### Instructions for the task:
Please set down only the lines running from the one with "Kate Spade X" through the last line of the entries, exactly as written and without any pictures.
----- Data to process -----
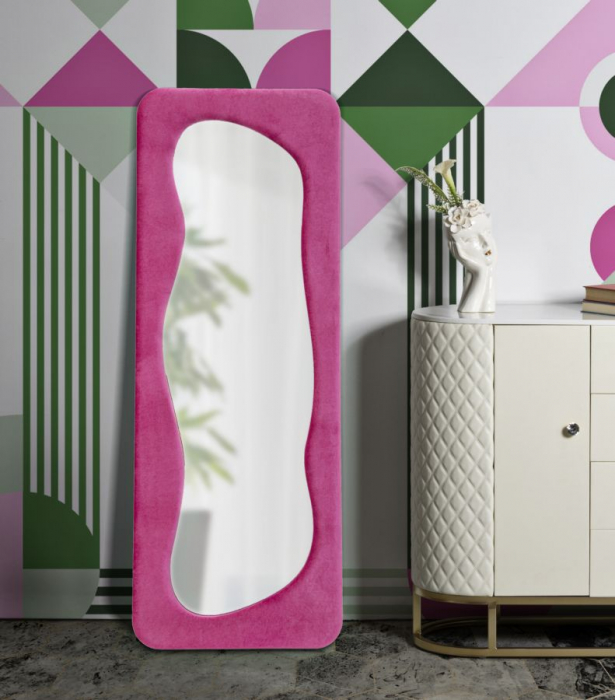 Oglinda rama fucsia ondulata CreativDeco [6]
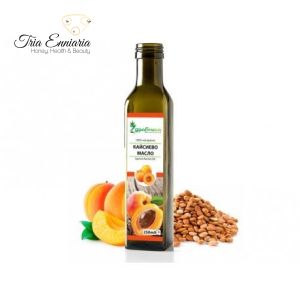 Apricot kernel oil, cold pressed, Zdravnitza, 250 ml
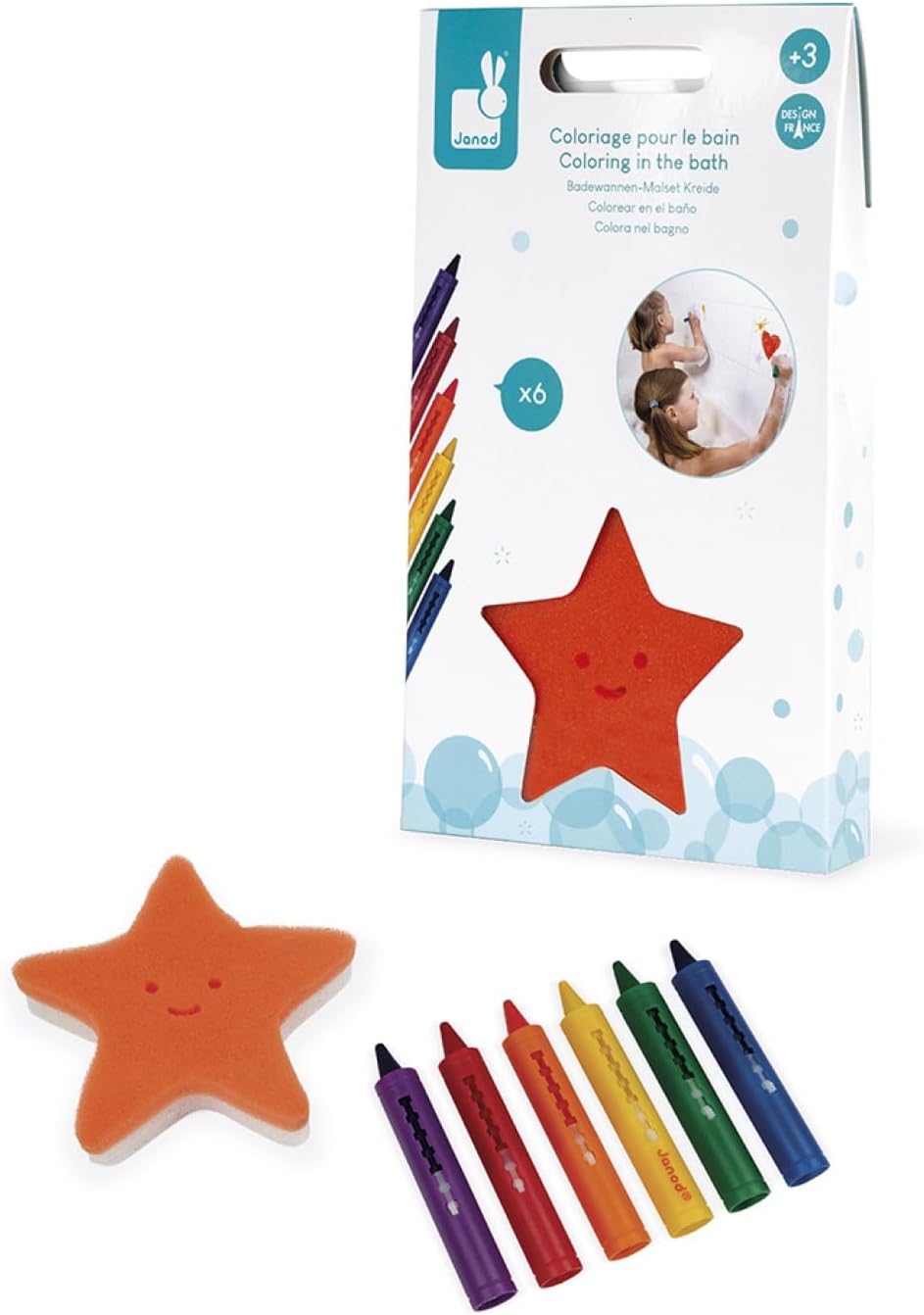 Janod Bath Crayons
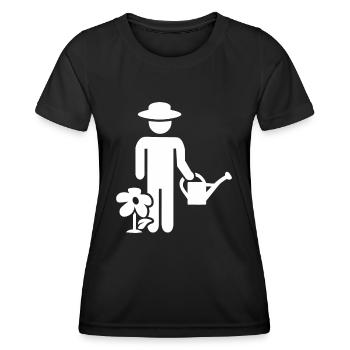 Gärtner-Gießkanne - Frauen Funktions-T-Shirt - Schwarz - Vorne - AI Model Female 172 light (172cm)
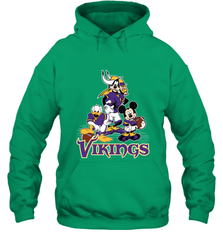 Mickey Mouse Minnesota Vikings NFL Football Gifts Hooded Sweatshirt Hooded Sweatshirt - Havanatees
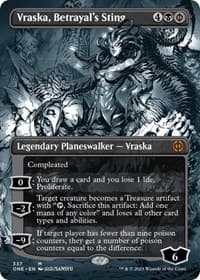 Vraska, Betrayal's Sting (Borderless) from Phyrexia: All Will Be One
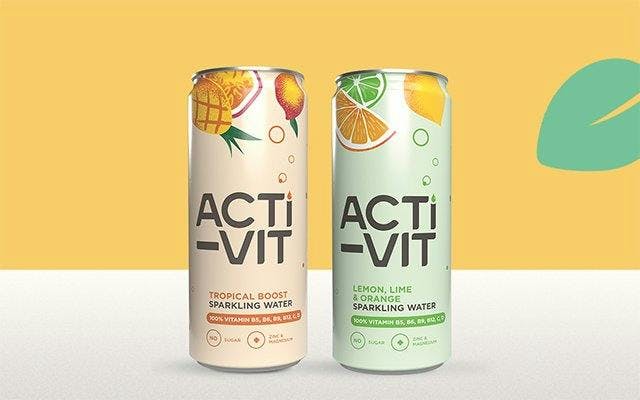 Acti-Vit Sparkling Vitamin Water mixers with no calories or sugar
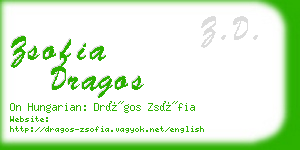 zsofia dragos business card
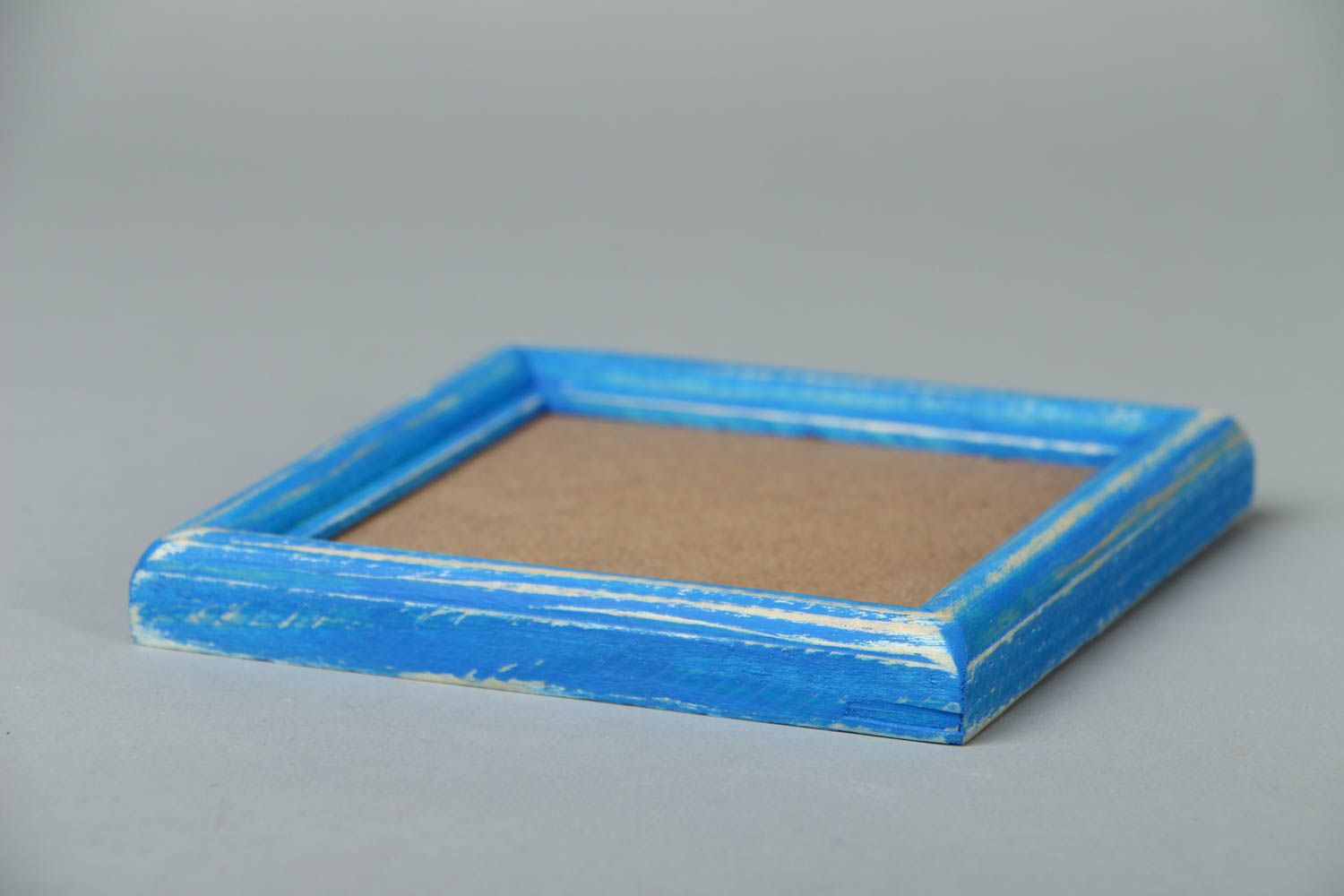 Рамка для фотографий деревянная голубая  фото 3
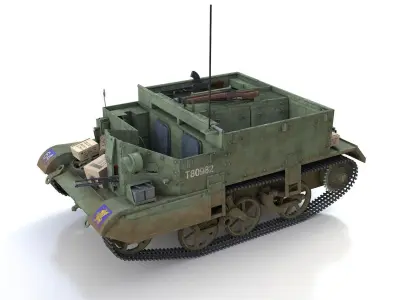Bren Gun Carrier - BUC - T80982 3D model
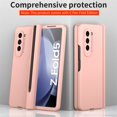 thumbnail image 2 of Feishell for Samsung Galaxy Z Fold5 Case with S Pen &  Pen Holder,Shockproof Hinge Protection Built-in Screen Protector Full Body Protective Anti-slip Matte Slim Phone Cover ,Pink, 2 of 7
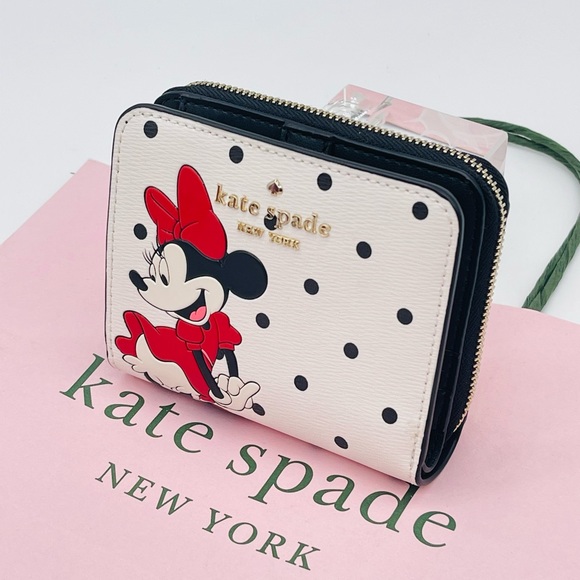 Kate Spade X Disney Minnie Mouse Zip Corner Wallet - Picture 4 of 9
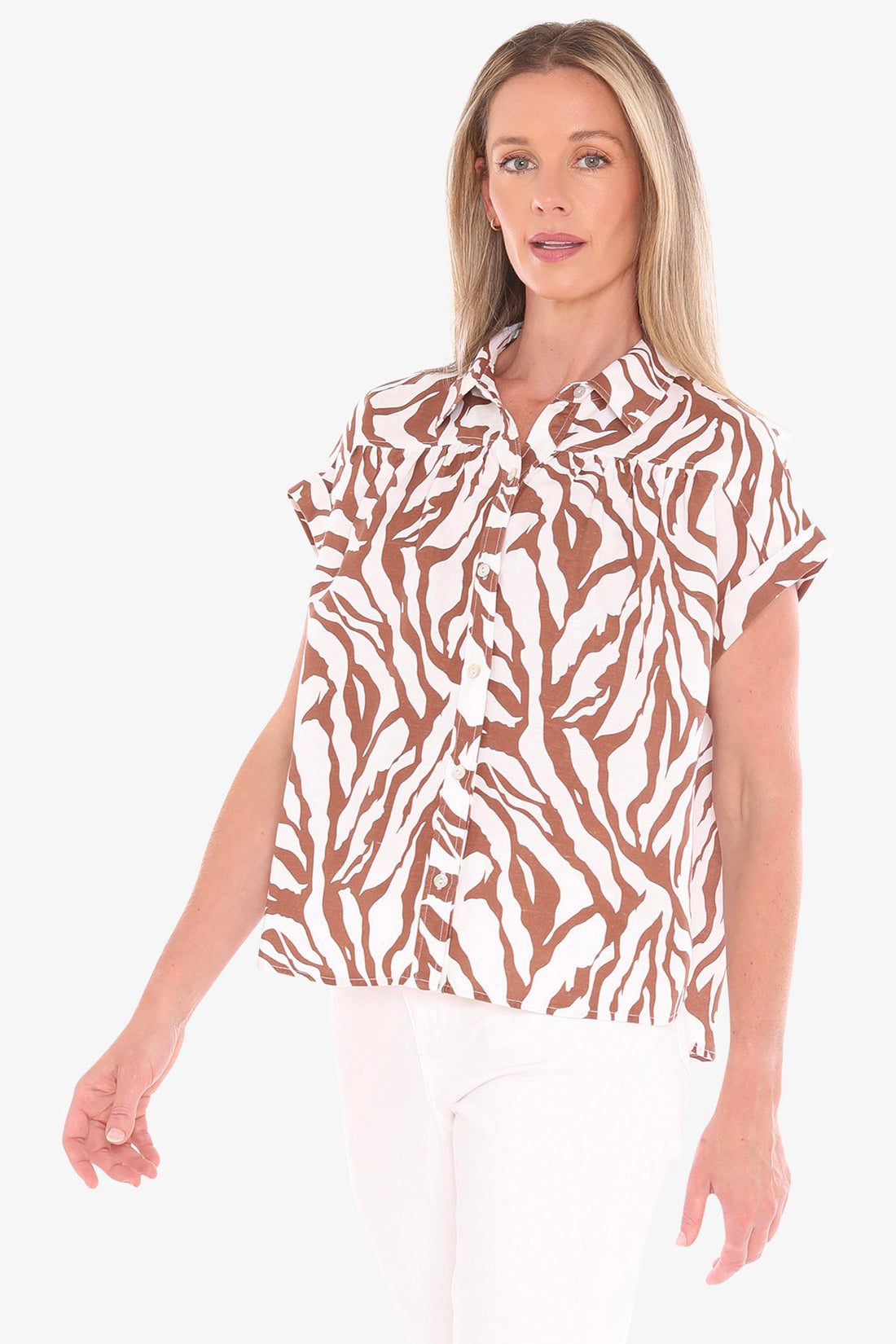 596J3166A Zebra Mono Shirt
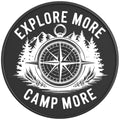 EXPLORE MORE CAMP MORE BLACK CARBON FIBER TIRE COVER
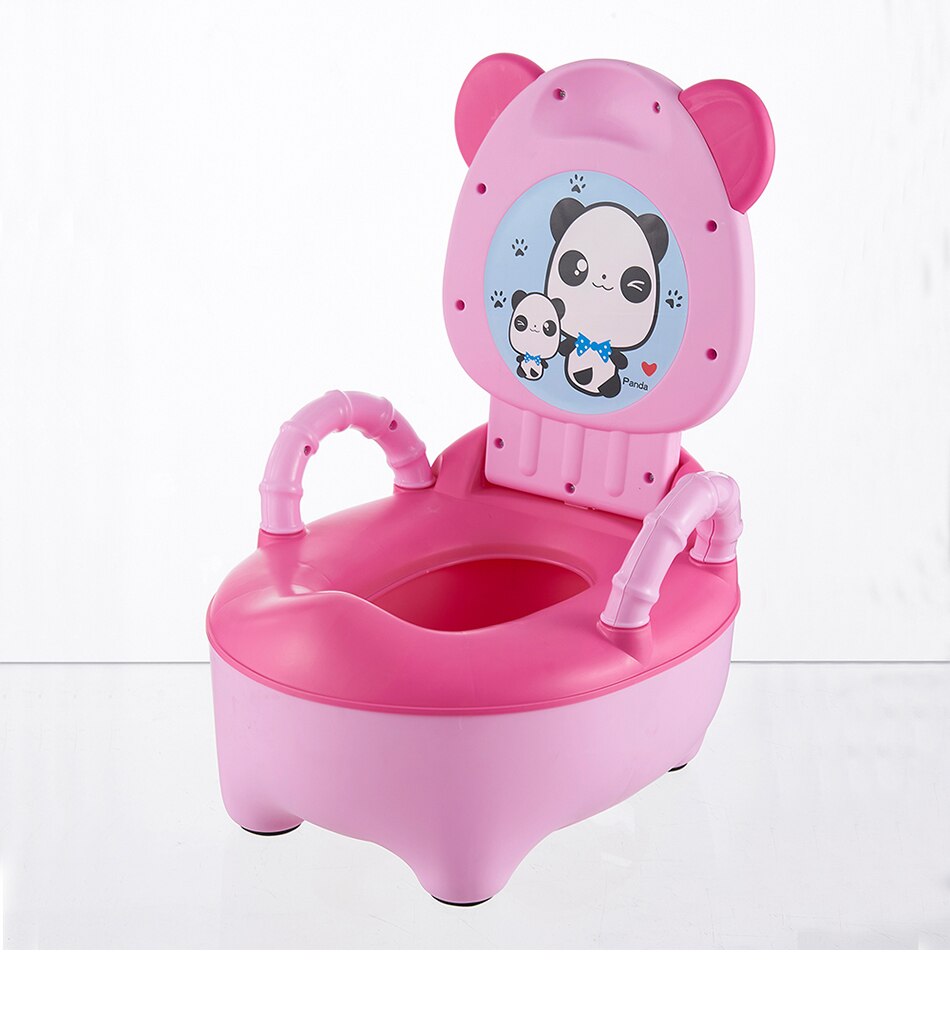 Portable Cartoon Baby Potty with Backrest for Girls and Boys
-----
### Output for this exercise:
 Kate Spade X Disney Minnie Mouse Zip Corner Wallet - Picture 4 of 9
 596J3166A Zebra Mono Shirt
 EXPLORE MORE CAMP MORE BLACK CARBON FIBER TIRE COVER
 Portable Cartoon Baby Potty with Backrest for Girls and Boys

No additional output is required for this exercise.